__Assigned task__
Copy exactly the lines of the records below, and only those lines, beginning with the line that contains "Gruppe 4 personer" and ending with the line that contains "Horse Color:Chocolate Black Tobiano".

[Items listed in a dataset]
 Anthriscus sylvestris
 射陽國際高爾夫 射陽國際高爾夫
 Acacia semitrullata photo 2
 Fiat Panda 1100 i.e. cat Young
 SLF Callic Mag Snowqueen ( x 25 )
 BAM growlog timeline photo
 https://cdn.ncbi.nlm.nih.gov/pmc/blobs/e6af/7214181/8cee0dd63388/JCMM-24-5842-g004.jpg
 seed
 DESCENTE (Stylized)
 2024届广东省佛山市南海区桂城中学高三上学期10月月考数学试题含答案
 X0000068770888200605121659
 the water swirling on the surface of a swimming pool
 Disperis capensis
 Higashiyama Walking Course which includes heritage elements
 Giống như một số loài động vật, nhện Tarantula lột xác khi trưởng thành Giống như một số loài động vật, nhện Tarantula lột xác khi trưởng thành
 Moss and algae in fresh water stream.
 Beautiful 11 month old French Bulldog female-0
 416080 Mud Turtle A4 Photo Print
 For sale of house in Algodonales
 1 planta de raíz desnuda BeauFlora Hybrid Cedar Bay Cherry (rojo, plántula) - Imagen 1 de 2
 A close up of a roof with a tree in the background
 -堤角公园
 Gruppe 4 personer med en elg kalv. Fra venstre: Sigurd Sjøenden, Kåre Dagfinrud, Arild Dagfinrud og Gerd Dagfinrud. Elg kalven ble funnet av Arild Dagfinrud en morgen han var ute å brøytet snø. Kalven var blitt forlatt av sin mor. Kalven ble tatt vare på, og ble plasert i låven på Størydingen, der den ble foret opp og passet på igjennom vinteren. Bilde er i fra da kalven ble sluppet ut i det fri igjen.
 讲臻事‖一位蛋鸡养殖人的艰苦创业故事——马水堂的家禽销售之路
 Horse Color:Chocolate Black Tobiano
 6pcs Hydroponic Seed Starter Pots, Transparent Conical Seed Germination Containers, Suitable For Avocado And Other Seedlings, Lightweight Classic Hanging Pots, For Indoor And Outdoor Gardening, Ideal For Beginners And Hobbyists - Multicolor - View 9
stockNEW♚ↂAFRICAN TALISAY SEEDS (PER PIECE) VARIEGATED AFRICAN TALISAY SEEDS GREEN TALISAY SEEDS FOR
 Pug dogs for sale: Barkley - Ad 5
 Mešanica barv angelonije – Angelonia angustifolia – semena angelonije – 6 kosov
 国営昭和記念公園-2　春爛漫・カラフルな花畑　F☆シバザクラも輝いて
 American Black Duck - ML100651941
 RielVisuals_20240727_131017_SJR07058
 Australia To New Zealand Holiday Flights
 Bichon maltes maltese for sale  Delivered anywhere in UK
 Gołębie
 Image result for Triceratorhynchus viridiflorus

__Answer for the task__
 Gruppe 4 personer med en elg kalv. Fra venstre: Sigurd Sjøenden, Kåre Dagfinrud, Arild Dagfinrud og Gerd Dagfinrud. Elg kalven ble funnet av Arild Dagfinrud en morgen han var ute å brøytet snø. Kalven var blitt forlatt av sin mor. Kalven ble tatt vare på, og ble plasert i låven på Størydingen, der den ble foret opp og passet på igjennom vinteren. Bilde er i fra da kalven ble sluppet ut i det fri igjen.
 讲臻事‖一位蛋鸡养殖人的艰苦创业故事——马水堂的家禽销售之路
 Horse Color:Chocolate Black Tobiano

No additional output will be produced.